Decision Environment

After you develop the model, DataRobot makes it easy to deploy the model into your desired decision environment. Decision environments are the methods by which predictions will ultimately be used for decision making. This is a critical piece of implementing the use case as it ensures that predictions are used in the real world for reducing waste and cost. 

Decision Maturity 

Automation | Augmentation 

DataRobot empowers your maintenance engineers with the information they need to identify potential defects and take appropriate action. While there are use cases where decisions can be automated in a data pipeline, a defect detection model is geared to augment the decisions of your maintenance engineers. It acts as an intelligent machine that, combined with the expertise of your engineers, will help remove waste and decrease costs. 

Model Deployment

The predictions generated by the model can be integrated into your existing systems to be consumed by your maintenance engineers. Your system can include some of the following components: lighting technologies, optical filtering, data acquisition, and control hardware, embedded control, and monitoring software.

Several ways the prediction can be deployed include:

Connect the model output to a database: Store the detection request result in a database that can be accessed by a decision system.

Connect with other systems:

• Display results through a control and monitoring system
• Display results through a business intelligence tool (i.e., Tableau, Power BI)

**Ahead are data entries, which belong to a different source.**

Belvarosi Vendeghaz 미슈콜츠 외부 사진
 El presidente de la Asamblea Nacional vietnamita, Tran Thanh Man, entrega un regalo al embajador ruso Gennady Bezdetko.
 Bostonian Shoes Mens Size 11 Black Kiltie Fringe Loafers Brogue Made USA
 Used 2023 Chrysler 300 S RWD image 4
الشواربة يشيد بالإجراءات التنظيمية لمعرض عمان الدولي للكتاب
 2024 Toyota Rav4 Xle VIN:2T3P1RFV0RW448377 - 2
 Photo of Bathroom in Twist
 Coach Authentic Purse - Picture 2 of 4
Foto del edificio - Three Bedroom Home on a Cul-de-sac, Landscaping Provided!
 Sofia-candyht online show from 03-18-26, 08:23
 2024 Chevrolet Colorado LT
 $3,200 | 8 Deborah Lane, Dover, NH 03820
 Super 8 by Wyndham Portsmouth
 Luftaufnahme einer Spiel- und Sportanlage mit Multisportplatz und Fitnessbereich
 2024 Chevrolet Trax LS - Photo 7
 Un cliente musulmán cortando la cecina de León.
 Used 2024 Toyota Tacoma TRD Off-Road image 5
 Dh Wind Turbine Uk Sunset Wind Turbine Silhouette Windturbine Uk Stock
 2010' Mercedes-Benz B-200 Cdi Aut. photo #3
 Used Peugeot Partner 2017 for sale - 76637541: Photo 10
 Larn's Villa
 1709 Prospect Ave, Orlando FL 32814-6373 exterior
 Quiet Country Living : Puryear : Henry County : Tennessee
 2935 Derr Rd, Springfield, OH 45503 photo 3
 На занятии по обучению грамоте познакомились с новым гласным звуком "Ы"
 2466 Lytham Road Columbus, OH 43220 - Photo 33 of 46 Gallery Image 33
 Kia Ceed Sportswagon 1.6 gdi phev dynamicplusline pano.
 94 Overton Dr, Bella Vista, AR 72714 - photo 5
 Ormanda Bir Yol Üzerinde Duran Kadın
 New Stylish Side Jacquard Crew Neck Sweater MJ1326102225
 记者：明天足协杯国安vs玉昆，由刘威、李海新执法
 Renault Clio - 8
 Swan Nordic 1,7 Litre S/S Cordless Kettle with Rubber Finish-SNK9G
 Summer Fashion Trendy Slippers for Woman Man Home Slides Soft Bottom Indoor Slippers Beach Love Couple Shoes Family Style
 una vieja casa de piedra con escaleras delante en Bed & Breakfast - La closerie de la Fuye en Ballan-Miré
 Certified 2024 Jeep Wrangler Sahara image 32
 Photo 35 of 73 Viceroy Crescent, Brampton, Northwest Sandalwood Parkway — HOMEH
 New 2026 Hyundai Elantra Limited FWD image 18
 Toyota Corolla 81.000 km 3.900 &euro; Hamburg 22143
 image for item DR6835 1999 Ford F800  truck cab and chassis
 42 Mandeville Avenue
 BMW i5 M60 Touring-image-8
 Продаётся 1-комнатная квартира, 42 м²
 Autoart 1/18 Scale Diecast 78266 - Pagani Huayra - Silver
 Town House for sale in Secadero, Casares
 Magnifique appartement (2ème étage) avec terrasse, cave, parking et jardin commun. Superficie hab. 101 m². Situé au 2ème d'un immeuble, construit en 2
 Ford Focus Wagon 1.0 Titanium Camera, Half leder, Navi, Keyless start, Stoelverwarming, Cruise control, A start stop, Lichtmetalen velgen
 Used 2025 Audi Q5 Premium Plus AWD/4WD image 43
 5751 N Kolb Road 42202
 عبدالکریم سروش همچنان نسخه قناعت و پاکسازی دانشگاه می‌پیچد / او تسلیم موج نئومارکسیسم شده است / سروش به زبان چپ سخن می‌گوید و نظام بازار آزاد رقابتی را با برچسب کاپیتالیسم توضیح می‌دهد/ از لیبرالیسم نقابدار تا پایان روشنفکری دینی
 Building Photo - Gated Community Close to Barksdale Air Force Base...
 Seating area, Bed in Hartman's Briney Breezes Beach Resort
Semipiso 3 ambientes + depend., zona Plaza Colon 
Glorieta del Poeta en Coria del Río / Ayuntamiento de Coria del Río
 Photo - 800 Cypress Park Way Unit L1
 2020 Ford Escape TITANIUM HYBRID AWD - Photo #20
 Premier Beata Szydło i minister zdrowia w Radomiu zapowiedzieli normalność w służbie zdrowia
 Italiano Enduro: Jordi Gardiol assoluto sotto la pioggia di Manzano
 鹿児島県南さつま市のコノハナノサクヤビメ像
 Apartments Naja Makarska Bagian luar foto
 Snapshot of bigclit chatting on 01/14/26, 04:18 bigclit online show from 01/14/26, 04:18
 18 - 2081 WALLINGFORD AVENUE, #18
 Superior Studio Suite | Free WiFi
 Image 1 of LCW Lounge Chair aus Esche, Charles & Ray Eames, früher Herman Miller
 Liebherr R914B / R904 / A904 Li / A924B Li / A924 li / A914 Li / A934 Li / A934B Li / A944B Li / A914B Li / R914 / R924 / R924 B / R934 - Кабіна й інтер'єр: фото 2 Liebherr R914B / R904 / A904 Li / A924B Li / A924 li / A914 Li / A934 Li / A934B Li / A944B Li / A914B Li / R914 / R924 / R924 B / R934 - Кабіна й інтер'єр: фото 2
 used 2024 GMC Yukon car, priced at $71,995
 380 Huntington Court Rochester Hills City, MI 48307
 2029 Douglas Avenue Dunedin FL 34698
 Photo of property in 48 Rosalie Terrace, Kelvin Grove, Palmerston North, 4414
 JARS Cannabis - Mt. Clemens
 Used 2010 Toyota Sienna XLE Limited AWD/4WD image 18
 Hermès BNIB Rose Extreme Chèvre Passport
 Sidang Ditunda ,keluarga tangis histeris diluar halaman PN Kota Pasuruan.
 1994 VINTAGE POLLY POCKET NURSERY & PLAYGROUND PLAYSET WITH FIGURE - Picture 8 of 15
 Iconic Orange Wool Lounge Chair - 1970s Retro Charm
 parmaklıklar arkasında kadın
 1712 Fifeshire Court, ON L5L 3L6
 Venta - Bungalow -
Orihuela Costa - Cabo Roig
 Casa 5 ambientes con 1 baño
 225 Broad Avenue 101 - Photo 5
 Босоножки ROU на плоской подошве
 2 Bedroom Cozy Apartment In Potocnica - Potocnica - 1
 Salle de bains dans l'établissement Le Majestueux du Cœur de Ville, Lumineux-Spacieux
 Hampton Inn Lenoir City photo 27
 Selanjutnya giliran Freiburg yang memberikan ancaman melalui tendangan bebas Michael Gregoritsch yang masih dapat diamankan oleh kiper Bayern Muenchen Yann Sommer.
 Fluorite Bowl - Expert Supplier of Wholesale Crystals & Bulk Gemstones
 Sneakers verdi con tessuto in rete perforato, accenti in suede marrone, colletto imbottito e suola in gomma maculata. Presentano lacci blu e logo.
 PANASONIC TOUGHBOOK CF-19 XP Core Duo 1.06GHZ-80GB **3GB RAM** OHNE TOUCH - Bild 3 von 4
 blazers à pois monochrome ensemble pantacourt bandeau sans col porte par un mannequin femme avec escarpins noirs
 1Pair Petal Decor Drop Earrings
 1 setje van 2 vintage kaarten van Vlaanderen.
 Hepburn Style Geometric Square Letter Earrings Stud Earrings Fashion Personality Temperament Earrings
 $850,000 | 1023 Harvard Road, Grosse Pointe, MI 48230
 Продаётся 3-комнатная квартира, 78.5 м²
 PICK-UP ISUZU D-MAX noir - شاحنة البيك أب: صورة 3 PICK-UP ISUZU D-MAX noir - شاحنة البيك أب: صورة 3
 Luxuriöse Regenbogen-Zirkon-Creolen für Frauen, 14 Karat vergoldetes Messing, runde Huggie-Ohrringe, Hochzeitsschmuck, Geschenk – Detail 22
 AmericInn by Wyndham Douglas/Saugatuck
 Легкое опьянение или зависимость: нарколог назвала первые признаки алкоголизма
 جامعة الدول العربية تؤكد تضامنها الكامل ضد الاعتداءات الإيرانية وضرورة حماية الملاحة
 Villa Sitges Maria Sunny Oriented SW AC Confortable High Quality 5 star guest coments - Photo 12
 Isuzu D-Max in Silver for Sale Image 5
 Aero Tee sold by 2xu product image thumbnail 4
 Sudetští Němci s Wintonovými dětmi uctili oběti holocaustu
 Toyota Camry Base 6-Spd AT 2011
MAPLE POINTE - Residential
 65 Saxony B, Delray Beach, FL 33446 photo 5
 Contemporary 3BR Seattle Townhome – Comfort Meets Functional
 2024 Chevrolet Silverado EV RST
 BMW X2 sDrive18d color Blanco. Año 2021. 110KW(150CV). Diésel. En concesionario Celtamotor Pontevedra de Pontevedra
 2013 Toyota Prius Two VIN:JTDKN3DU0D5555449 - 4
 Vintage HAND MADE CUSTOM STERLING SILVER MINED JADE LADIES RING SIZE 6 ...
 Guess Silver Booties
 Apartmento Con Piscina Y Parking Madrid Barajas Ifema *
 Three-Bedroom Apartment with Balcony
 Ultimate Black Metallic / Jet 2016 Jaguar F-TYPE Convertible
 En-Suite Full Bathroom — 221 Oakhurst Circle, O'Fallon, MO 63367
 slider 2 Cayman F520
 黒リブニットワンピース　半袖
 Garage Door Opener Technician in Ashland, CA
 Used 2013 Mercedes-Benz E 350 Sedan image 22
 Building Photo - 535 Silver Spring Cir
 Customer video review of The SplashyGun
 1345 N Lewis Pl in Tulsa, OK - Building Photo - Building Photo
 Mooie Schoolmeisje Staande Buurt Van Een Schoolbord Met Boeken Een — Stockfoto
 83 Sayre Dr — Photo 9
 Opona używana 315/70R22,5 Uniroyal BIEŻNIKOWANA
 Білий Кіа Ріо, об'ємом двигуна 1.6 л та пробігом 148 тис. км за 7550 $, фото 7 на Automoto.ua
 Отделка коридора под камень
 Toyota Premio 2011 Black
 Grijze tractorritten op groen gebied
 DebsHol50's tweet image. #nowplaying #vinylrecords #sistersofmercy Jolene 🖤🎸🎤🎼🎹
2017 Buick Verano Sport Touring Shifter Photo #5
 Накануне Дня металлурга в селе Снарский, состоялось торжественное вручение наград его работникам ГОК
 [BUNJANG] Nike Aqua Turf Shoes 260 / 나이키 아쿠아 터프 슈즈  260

Embed the predictions into your day-to-day production maintenance workflow. Results can be integrated into control and monitoring systems or BI dashboards. On the former, maintenance engineers can easily see decisions and alerts as an additional column in the data they already view on a daily basis to monitor their production flow. They will be given transparent interpretability of the predictions to visualize and understand why the model detects specific defects.

Decision Stakeholders

Decision executors are the maintenance engineers who will consume decisions on a daily basis to identify defects in production quality and understand the steps they can take to intervene.

Decision managers are the executive stakeholders who will monitor and manage the process to analyze the overall performance of the production process and decide when to invest in improvement programs.

Decision authors are the technical stakeholders who will set up the decision flow in place. These include system integrators, data scientists, or business analysts.   

Decision Process

Your decision stakeholders can focus on leveraging the predictions generated by the model to augment decisions that will impact the process. 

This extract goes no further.